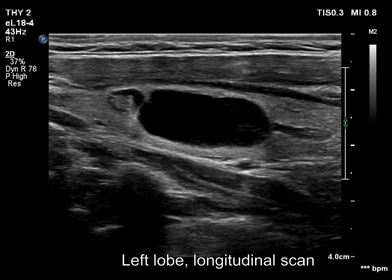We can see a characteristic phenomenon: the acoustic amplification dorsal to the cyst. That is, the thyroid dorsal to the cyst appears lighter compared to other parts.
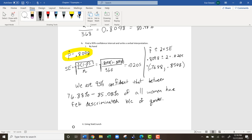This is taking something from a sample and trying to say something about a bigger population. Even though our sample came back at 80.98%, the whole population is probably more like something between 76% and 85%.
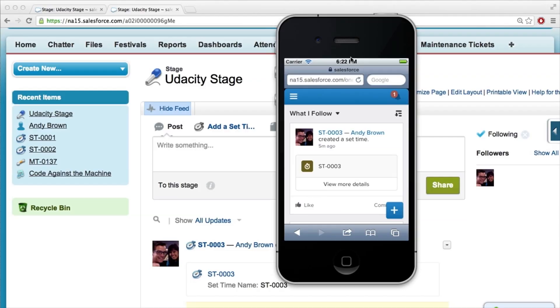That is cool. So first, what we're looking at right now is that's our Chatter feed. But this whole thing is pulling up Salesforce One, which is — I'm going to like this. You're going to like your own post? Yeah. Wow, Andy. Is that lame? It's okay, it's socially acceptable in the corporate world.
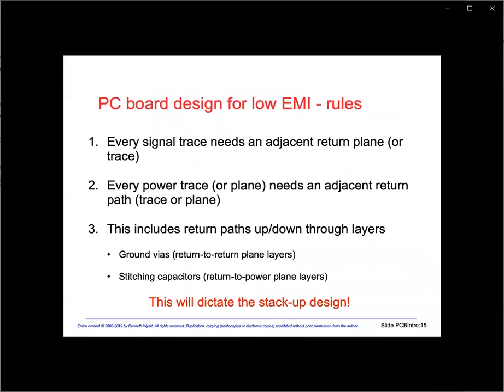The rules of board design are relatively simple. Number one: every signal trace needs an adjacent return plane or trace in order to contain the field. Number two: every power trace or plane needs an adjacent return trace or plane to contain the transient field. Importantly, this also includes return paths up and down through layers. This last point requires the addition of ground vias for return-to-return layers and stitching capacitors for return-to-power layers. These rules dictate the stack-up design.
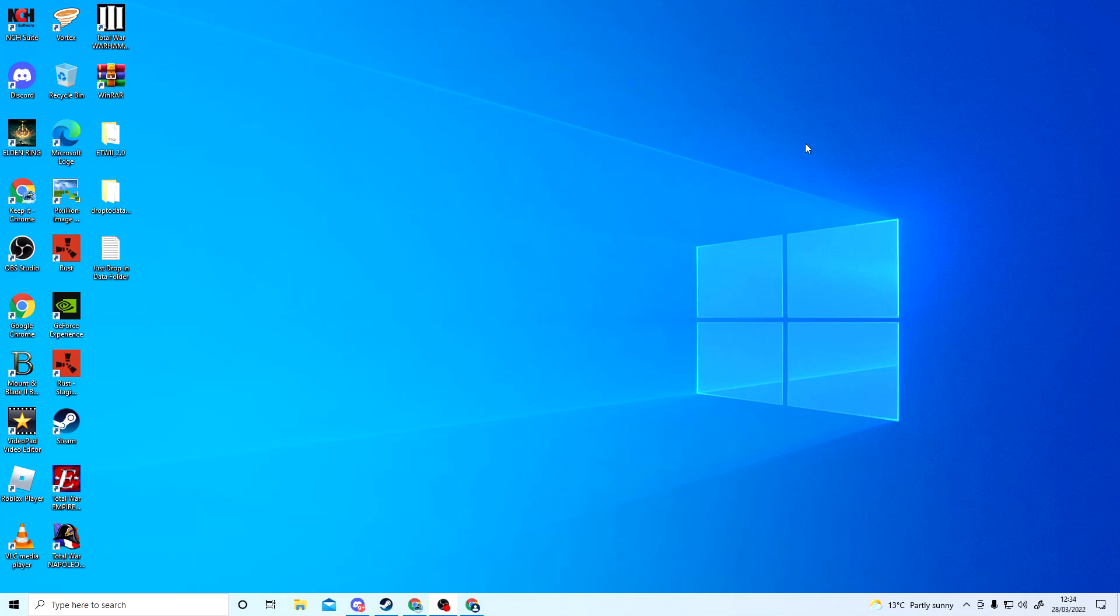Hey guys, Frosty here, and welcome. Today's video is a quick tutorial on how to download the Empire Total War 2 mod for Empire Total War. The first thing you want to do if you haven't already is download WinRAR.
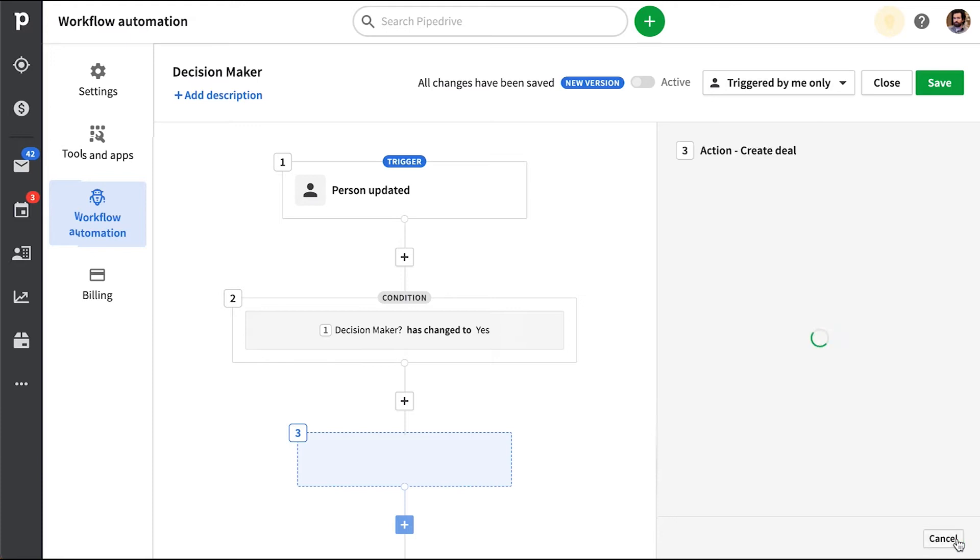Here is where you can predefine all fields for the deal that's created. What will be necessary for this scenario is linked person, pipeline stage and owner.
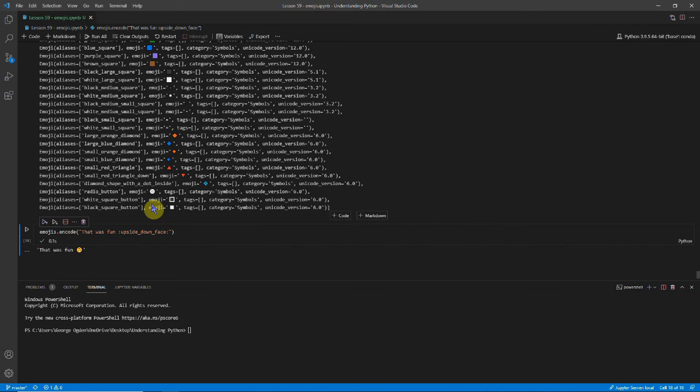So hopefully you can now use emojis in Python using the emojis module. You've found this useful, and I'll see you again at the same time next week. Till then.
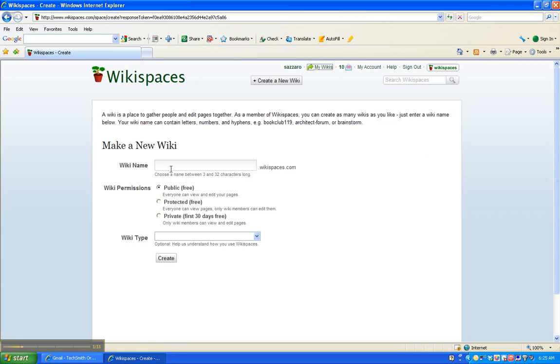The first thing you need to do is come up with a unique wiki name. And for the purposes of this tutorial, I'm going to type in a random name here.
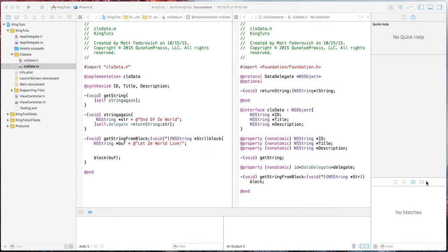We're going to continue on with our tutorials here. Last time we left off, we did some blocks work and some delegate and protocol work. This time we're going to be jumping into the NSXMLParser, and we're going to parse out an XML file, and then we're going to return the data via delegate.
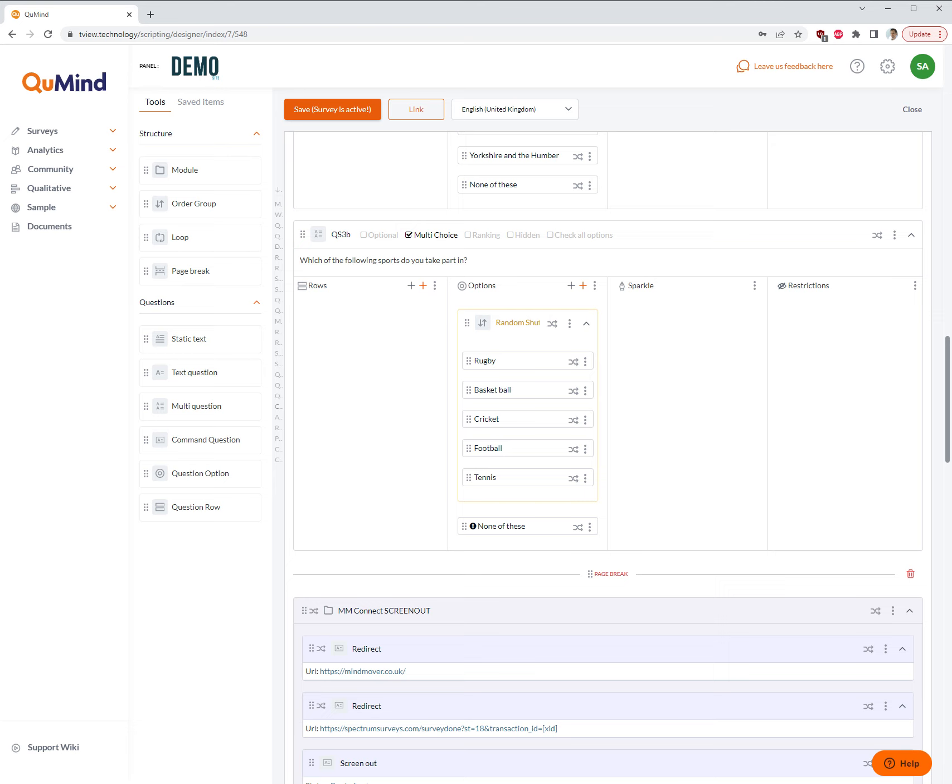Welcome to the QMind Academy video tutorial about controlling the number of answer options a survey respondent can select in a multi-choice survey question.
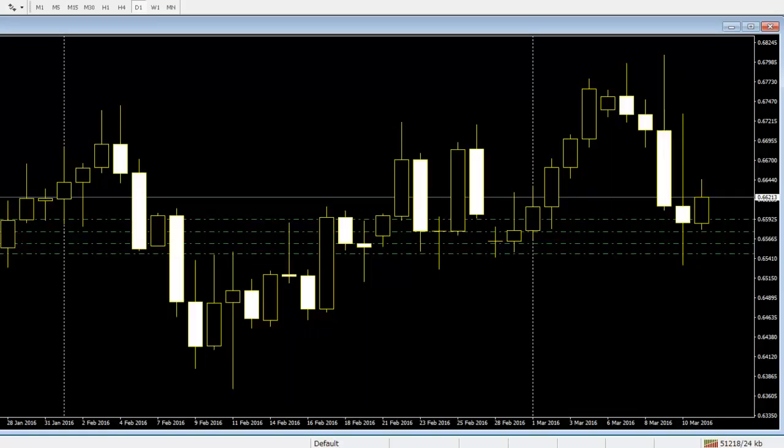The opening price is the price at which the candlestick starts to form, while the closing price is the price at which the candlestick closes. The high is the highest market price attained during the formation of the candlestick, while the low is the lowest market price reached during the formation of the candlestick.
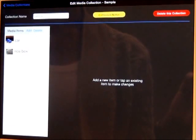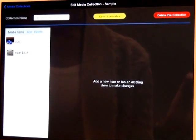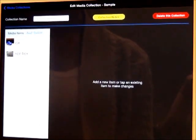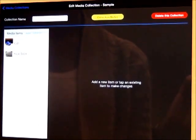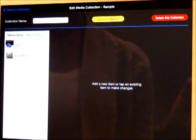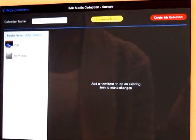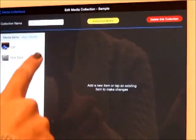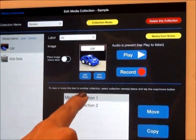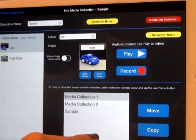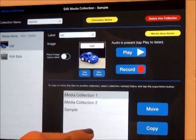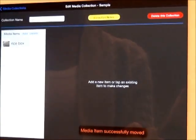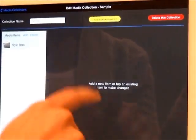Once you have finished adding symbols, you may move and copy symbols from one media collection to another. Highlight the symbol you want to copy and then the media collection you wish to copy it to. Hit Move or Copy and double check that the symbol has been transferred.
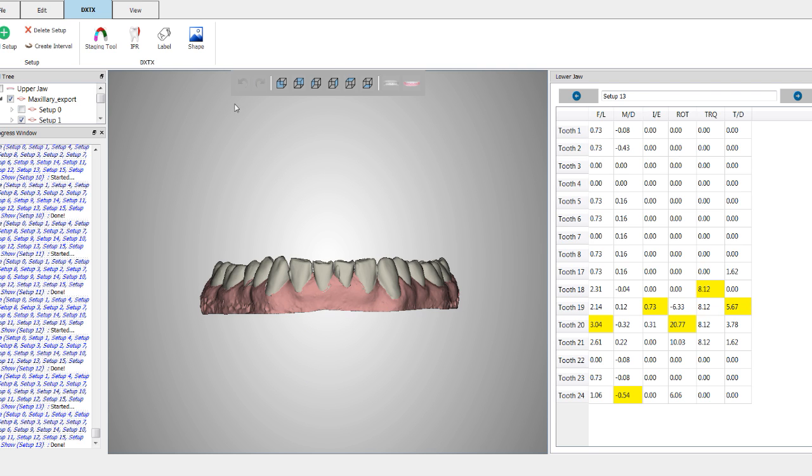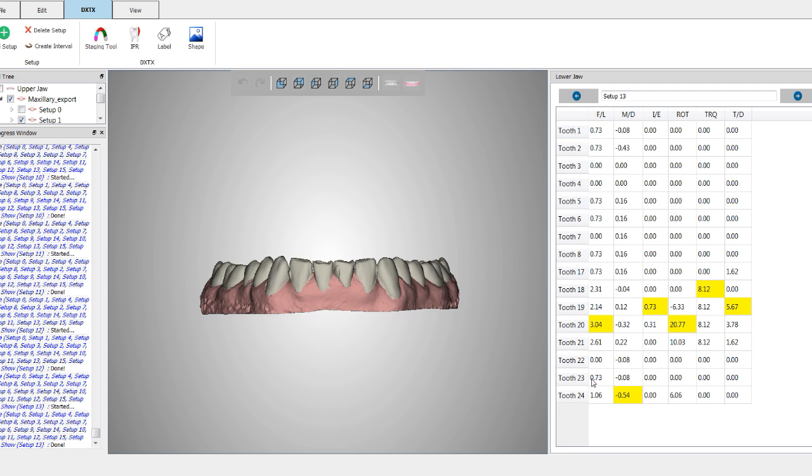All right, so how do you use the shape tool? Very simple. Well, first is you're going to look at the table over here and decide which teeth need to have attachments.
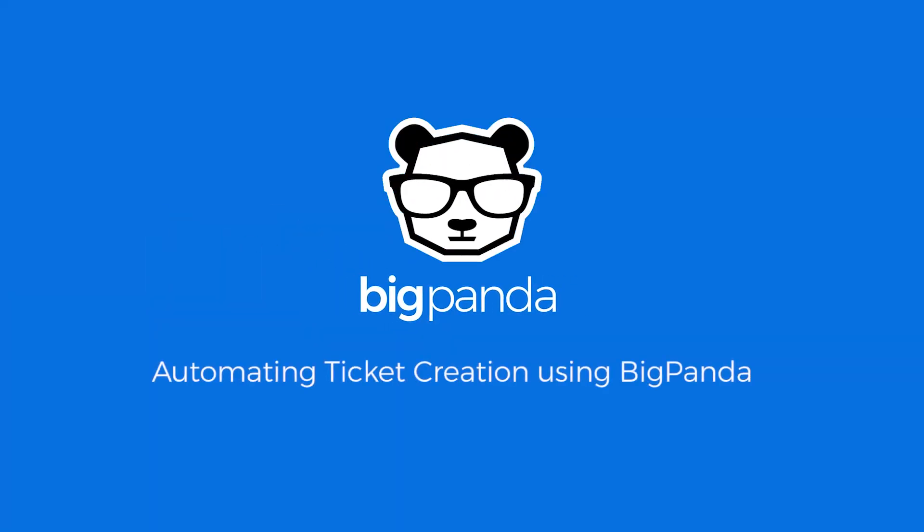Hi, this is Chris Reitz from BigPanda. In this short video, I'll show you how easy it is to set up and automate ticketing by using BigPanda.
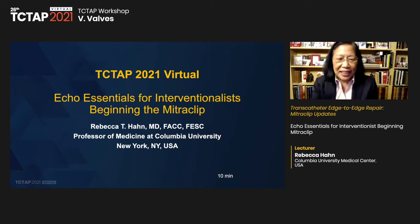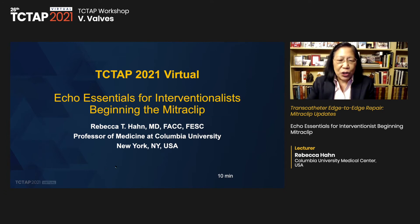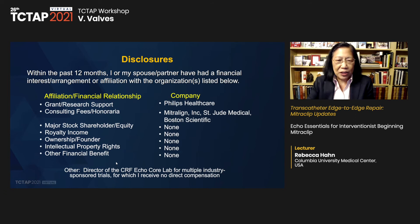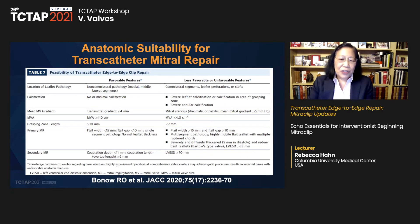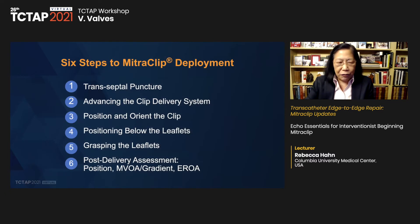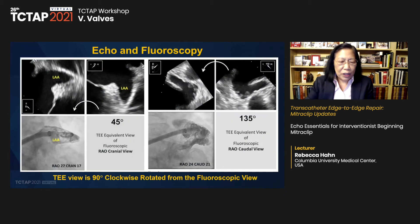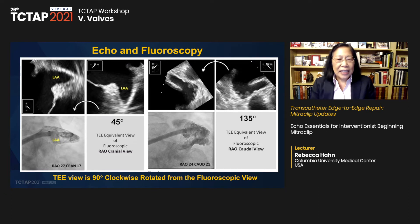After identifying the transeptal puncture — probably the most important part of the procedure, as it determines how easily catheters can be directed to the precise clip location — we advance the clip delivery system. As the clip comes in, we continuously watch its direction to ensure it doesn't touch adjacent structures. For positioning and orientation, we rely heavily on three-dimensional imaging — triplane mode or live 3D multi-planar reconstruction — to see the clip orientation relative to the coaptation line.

===============

Description of the task: Could you repeat, exactly, only the lines above starting at the one that has "That is cool." and stopping after the one that has "Here is where", without the pictures?

Task solution:
That is cool. So first, what we're looking at right now is that's our Chatter feed. But this whole thing is pulling up Salesforce One, which is — I'm going to like this. You're going to like your own post? Yeah. Wow, Andy. Is that lame? It's okay, it's socially acceptable in the corporate world.
The rules of board design are relatively simple. Number one: every signal trace needs an adjacent return plane or trace in order to contain the field. Number two: every power trace or plane needs an adjacent return trace or plane to contain the transient field. Importantly, this also includes return paths up and down through layers. This last point requires the addition of ground vias for return-to-return layers and stitching capacitors for return-to-power layers. These rules dictate the stack-up design.
Hey guys, Frosty here, and welcome. Today's video is a quick tutorial on how to download the Empire Total War 2 mod for Empire Total War. The first thing you want to do if you haven't already is download WinRAR.
Here is where you can predefine all fields for the deal that's created. What will be necessary for this scenario is linked person, pipeline stage and owner.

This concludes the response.